Exercise description: Start at the line below containing "Cover image for" and stop at the line containing "Buy Owl Printed". Repeat every line of that stretch exactly, and nothing outside it.

Web page caption snippets:
--- START ---
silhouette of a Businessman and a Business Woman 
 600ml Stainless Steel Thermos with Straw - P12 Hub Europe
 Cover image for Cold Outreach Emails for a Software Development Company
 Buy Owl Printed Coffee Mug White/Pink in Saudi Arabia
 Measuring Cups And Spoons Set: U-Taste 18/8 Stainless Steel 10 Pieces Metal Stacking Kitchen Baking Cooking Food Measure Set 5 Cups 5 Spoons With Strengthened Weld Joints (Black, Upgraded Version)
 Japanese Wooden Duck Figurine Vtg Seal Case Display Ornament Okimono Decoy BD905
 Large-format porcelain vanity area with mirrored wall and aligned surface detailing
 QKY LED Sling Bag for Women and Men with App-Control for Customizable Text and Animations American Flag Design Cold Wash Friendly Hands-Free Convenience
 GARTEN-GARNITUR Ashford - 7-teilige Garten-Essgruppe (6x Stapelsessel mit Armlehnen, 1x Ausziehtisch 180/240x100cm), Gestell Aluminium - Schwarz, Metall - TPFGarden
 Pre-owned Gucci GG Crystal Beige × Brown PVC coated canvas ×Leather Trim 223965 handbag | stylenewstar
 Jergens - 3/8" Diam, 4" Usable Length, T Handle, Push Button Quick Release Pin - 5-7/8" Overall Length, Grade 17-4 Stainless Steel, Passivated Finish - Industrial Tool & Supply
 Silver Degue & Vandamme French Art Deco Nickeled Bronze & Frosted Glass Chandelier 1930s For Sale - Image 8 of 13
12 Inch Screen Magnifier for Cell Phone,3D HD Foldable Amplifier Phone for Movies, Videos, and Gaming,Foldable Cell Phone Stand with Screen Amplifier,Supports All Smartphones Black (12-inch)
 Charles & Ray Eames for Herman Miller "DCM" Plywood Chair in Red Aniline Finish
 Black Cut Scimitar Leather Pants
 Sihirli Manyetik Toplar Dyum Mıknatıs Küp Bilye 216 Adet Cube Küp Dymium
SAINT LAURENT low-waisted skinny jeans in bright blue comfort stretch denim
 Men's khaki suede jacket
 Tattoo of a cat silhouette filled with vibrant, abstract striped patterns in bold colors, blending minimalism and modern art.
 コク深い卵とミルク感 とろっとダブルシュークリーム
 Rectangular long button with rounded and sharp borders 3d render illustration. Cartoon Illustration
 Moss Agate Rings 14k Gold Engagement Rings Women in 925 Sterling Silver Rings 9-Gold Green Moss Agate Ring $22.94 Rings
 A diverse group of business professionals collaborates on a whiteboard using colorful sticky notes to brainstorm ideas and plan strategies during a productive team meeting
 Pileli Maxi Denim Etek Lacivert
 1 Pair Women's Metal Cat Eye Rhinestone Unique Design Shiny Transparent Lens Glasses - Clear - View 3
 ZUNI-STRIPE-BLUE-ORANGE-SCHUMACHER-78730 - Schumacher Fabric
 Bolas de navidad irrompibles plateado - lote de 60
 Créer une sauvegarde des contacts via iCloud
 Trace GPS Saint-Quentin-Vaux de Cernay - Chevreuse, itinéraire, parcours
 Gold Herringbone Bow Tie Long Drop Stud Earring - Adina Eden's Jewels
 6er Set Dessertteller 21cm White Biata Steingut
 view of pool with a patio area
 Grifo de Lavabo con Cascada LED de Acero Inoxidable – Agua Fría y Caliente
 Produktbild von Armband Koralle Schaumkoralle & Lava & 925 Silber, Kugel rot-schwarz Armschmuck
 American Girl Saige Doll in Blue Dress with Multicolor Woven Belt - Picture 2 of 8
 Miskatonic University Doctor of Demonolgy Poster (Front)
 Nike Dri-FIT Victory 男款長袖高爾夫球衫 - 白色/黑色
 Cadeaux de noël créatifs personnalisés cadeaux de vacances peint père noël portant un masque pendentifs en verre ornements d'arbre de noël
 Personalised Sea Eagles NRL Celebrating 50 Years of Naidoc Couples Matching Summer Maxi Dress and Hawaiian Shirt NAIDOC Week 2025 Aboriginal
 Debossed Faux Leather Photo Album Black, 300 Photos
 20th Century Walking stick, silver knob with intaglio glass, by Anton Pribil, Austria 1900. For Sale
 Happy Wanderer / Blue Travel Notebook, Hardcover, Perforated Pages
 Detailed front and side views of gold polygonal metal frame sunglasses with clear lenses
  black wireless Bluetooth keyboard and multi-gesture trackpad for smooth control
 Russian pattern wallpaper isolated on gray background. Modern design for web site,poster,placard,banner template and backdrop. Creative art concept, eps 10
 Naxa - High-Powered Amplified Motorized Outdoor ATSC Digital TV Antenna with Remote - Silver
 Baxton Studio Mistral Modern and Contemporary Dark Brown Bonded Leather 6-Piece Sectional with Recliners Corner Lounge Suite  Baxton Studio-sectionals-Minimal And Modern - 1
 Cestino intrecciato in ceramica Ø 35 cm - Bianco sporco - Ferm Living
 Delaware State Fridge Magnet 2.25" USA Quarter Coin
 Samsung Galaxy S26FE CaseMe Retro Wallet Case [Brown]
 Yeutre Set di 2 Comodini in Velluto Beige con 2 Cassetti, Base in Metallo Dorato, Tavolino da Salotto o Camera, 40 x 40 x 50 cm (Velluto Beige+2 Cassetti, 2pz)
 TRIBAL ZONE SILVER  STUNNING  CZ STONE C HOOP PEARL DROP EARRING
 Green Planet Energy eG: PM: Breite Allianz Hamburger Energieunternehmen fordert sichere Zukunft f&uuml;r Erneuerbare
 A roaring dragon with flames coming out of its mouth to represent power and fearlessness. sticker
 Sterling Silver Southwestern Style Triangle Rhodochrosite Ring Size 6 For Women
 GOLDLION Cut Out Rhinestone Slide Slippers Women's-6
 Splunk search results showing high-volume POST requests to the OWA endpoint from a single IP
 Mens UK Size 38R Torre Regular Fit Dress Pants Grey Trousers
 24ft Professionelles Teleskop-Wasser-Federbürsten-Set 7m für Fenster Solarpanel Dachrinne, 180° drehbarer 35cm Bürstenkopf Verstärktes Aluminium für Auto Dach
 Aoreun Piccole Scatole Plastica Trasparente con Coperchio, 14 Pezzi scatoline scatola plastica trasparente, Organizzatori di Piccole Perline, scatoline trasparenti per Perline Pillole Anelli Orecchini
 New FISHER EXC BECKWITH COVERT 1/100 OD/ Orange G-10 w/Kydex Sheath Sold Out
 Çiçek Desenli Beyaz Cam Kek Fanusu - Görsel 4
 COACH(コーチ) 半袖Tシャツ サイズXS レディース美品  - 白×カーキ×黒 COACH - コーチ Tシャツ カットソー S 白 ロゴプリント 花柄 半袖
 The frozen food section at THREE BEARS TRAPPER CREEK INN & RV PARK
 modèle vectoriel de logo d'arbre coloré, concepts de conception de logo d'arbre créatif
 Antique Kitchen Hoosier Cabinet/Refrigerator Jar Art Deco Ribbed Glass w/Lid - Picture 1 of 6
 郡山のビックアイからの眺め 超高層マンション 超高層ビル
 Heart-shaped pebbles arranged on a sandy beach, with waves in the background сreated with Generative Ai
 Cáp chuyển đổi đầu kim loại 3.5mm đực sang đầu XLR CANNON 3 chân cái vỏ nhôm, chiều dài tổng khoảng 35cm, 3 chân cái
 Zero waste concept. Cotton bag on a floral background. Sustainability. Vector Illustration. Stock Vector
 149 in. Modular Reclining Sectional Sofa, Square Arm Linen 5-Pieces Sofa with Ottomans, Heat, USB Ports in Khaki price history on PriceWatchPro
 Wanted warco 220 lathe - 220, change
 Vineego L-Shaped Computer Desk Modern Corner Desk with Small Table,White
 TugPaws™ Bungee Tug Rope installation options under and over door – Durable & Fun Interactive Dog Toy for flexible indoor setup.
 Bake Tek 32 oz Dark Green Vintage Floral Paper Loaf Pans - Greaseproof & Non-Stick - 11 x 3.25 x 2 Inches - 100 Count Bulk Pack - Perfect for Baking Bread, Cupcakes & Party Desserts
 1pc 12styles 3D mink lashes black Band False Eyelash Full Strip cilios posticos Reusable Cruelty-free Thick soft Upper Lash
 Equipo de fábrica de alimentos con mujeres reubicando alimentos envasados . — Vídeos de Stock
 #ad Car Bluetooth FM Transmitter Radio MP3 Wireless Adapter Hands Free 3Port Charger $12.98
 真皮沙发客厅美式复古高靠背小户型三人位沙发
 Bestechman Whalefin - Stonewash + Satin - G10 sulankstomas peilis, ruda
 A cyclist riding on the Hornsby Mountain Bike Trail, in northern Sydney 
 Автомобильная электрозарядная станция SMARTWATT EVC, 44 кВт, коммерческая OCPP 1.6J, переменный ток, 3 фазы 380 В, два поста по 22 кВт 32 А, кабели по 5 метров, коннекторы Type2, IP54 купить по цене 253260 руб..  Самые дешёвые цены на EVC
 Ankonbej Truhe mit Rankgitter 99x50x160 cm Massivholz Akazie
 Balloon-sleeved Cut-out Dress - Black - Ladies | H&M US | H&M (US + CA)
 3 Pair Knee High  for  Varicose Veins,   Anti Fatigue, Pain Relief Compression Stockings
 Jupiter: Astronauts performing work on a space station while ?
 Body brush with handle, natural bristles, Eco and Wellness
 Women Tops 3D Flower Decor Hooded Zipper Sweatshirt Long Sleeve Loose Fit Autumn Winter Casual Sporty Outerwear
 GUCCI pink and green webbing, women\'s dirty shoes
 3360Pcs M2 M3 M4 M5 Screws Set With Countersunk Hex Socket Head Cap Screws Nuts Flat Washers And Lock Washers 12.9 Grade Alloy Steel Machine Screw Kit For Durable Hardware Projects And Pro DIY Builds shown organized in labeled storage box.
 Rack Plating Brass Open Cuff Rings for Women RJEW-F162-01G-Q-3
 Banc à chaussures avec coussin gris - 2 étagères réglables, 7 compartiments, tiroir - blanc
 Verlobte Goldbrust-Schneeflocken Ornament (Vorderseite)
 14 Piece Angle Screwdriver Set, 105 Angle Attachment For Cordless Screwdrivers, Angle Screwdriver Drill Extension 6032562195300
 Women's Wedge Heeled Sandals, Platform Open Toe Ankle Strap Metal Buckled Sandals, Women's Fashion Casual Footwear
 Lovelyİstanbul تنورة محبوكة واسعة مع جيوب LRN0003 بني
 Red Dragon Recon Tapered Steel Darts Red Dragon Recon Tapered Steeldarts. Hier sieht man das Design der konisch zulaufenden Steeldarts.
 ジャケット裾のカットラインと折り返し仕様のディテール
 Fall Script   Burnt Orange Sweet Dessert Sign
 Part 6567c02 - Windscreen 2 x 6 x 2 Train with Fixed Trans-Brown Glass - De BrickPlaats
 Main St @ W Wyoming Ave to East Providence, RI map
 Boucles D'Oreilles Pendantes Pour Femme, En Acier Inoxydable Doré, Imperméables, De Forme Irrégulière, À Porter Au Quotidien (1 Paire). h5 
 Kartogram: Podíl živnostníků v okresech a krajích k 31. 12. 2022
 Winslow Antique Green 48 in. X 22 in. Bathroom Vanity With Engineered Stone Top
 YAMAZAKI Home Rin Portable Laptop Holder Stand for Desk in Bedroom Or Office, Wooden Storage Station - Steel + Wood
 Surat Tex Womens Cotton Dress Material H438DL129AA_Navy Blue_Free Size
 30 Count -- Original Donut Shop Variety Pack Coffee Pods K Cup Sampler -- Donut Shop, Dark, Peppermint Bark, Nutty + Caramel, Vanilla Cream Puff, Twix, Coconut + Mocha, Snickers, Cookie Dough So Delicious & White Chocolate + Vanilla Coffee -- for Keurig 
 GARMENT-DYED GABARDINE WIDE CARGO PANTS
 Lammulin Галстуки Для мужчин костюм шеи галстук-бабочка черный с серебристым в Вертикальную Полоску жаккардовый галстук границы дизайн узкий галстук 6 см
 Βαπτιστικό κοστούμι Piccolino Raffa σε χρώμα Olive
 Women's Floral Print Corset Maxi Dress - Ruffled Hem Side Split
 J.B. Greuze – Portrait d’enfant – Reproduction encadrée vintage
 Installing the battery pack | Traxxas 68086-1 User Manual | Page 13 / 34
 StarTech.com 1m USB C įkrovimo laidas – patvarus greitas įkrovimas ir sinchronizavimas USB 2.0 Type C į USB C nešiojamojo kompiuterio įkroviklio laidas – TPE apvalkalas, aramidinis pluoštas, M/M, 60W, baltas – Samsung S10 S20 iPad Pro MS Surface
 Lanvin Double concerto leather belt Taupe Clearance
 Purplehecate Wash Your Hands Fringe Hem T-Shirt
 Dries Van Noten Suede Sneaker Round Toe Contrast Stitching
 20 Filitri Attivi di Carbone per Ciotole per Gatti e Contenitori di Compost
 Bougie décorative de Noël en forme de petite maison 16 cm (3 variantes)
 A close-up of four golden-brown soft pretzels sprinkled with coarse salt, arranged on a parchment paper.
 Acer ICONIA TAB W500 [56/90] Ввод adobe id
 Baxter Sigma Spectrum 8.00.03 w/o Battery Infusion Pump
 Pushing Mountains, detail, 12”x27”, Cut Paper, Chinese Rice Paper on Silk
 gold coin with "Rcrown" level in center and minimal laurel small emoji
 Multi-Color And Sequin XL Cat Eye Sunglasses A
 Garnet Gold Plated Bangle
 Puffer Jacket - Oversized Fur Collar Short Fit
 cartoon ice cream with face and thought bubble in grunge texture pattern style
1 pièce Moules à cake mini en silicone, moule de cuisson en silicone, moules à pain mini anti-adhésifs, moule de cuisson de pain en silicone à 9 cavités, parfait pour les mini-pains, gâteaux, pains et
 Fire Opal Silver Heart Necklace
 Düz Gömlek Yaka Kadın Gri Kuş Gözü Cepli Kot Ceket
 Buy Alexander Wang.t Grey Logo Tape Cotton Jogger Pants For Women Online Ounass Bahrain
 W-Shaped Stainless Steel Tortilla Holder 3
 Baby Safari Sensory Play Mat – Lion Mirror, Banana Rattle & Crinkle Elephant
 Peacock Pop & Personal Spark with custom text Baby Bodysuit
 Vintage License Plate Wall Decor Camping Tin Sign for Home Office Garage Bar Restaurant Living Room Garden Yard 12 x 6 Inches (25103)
--- END ---
Answer to the problem:
 Cover image for Cold Outreach Emails for a Software Development Company
 Buy Owl Printed Coffee Mug White/Pink in Saudi Arabia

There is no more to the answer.